While this blog has always focused primarily on the goings-on around the Waterford hurlers, the hurling has been secondary to the Waterford. Yes, hurling is great it’s the glory game thousands of years old not men but giants blah blah blah. But you don’t read the match reports on this website because you want to know what happened during the match. I can barely remember what has happened from one moment to the next because I’m too busy fretting for Waterford. What will it mean to everyone in the city and the county? What will others think of us? Will tears of joy be shed at gravesides for those who missed this or will the soil be freshly turned at another humiliation? While it’s lovely to play such a lovely game, it’s all about the Déise. I’m secure enough in my sense of Waterfordness that the fact that I have to put Kilkenny down as my county of birth on census forms – while I arrived into this world in Airmount, my parents were living in Mooncoin at the time – does not bother me in the slightest. As Daniel O’Connell said of the Duke of Wellington, just because you’re born in a stable does not mean you’re a horse. It’s Waterford first, last and always. And intrinsic in that sense of Waterfordness is the city. Urbs Intacta Manet Waterfordia. Yes, the city is right over in the east and it’s a long way west, but you don’t have to live in Jerusalem to be a Jew. For years the Three Ships of Waterford were the symbol of the entire county – you can still see it in the top left of this page. This is because  the county draws its name from the city, not the other way round, and to reduce the city to a trumped-up town is to diminish both.

Recently my wife and I were driving from Clonmel to Carrick-on-Suir on the south side of the river and we passed St Mollerans in Carrickbeg, proudly flying the white and the blue of Waterford.

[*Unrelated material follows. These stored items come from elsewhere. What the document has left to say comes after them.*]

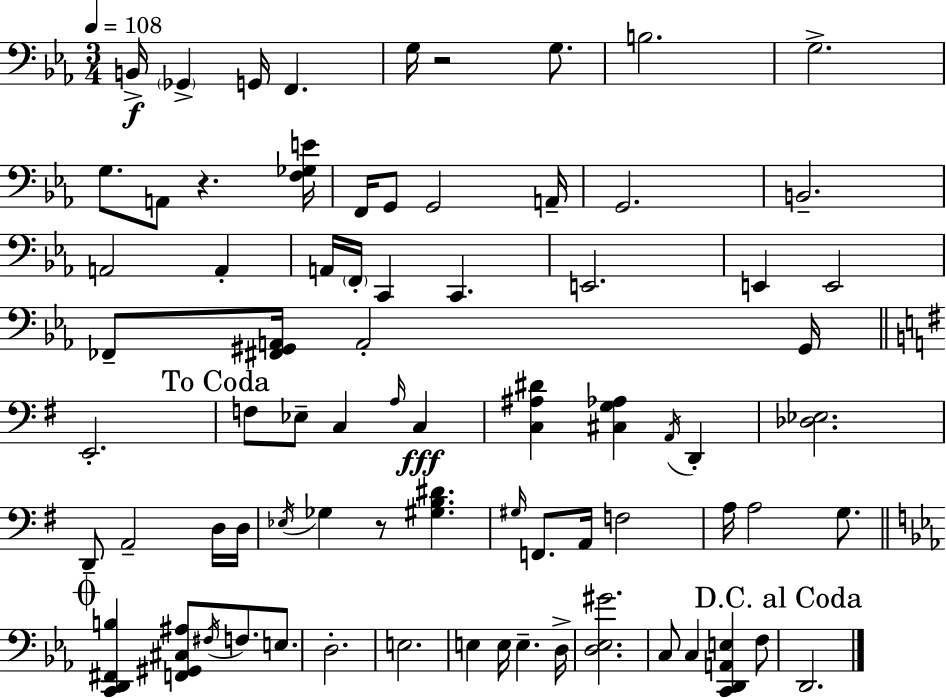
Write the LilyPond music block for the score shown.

{
  \clef bass
  \numericTimeSignature
  \time 3/4
  \key c \minor
  \tempo 4 = 108
  b,16->\f \parenthesize ges,4-> g,16 f,4. | g16 r2 g8. | b2. | g2.-> | \break g8. a,8 r4. <f ges e'>16 | f,16 g,8 g,2 a,16-- | g,2. | b,2.-- | \break a,2 a,4-. | a,16 \parenthesize f,16-. c,4 c,4. | e,2. | e,4 e,2 | \break fes,8-- <fis, gis, a,>16 a,2-. gis,16 | \bar "||" \break \key g \major e,2.-. | \mark "To Coda" f8 ees8-- c4 \grace { a16 } c4\fff | <c ais dis'>4 <cis g aes>4 \acciaccatura { a,16 } d,4-. | <des ees>2. | \break d,8-- a,2-- | d16 d16 \acciaccatura { ees16 } ges4 r8 <gis b dis'>4. | \grace { gis16 } f,8. a,16 f2 | a16 a2 | \break g8. \mark \markup { \musicglyph "scripts.coda" } \bar "||" \break \key ees \major <c, d, fis, b>4 <f, gis, cis ais>8 \acciaccatura { fis16 } f8. e8. | d2.-. | e2. | e4 e16 e4.-- | \break d16-> <d ees gis'>2. | c8 c4 <c, d, a, e>4 f8 | \mark "D.C. al Coda" d,2. | \bar "|."
}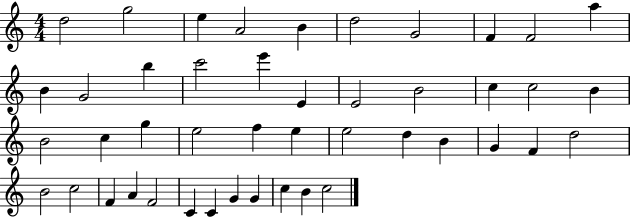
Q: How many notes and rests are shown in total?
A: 45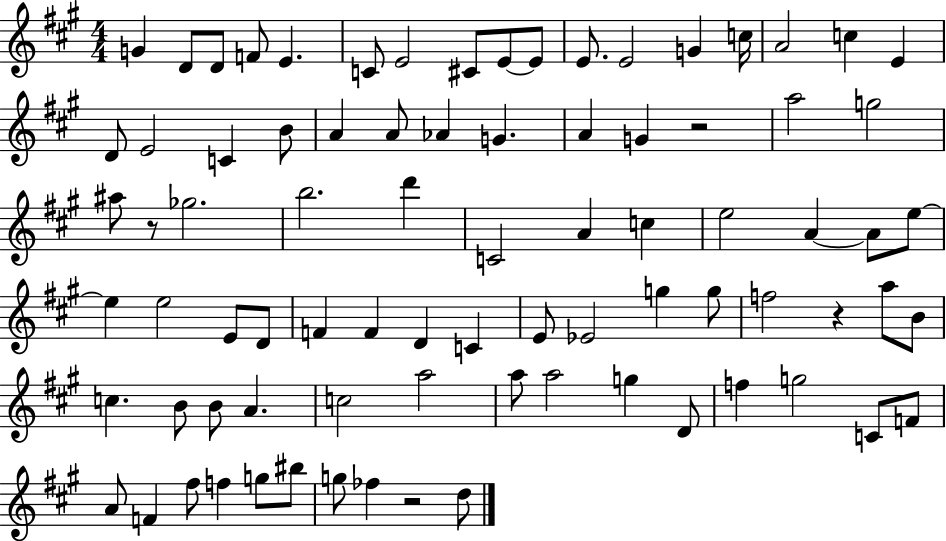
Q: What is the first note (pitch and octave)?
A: G4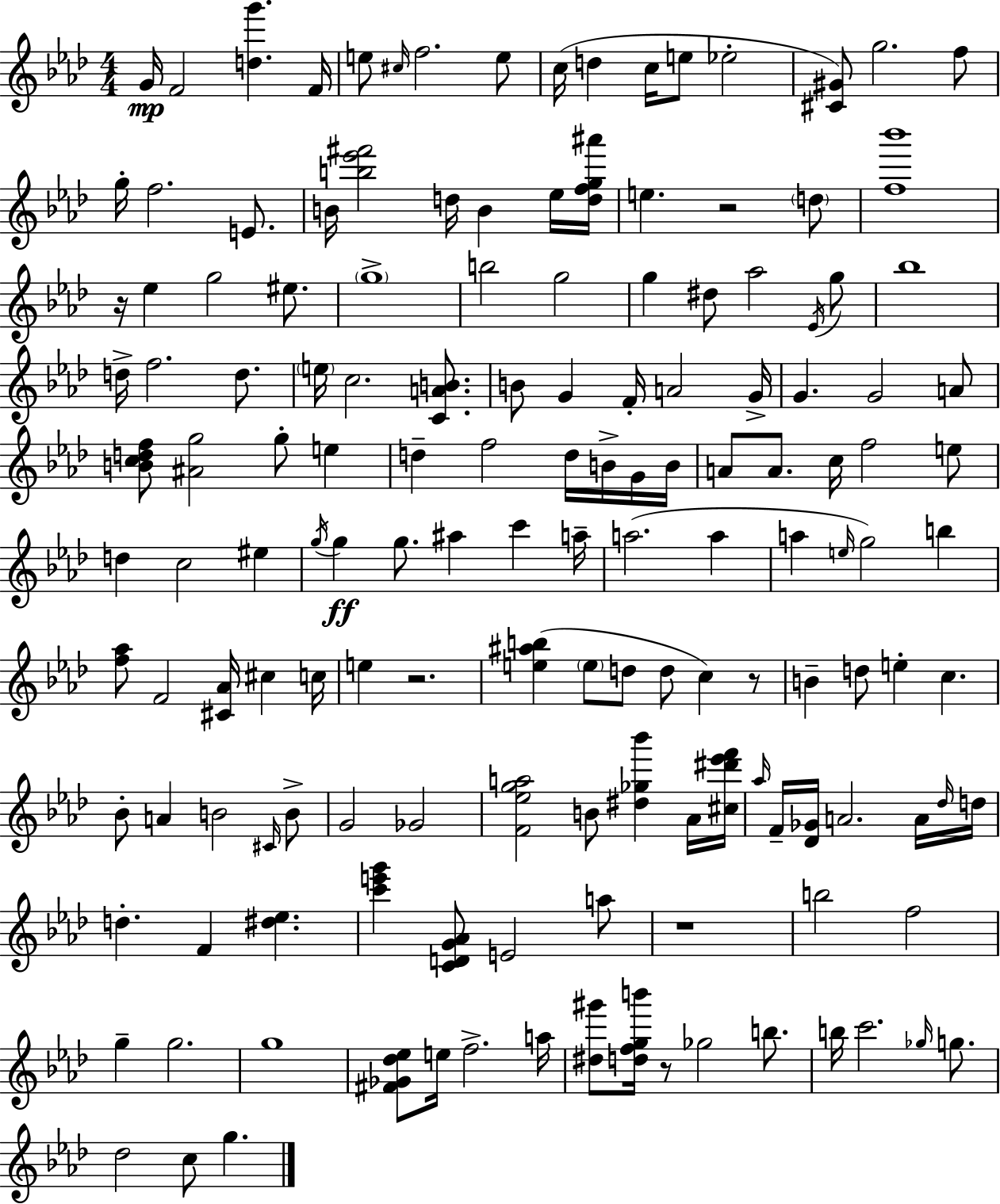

Was this County Waterford then, she asked? Well, once it was but then they moved the border so now it was in Tipperary but that didn’t really matter because Carrickbeg was still in Waterford in GAA terms and that’s all that mattered. Clear?  I’ve probably not gotten the details of that right, but I use it to illustrate that the river of identify can take the odd rock thrown in its path and flow around it. The scaling-down of the city isn’t a rock though. It’s a whopping great Hoover Dam. I can’t speak for people in the west of the county but it always felt that whatever our travails we were that bit better for being both a city and a county. Most other counties were cobbled together for administrative purposes, but we were there before everywhere in northern Europe except London and Paris. Once this change goes through, we’ll be like all those other counties who happen to be named after a town. Donegal. Longford. Wicklow. Cavan. We’ll be at the same level as them, and that’s before you consider the really offensive examples closer to home. If you have tears to shed . . .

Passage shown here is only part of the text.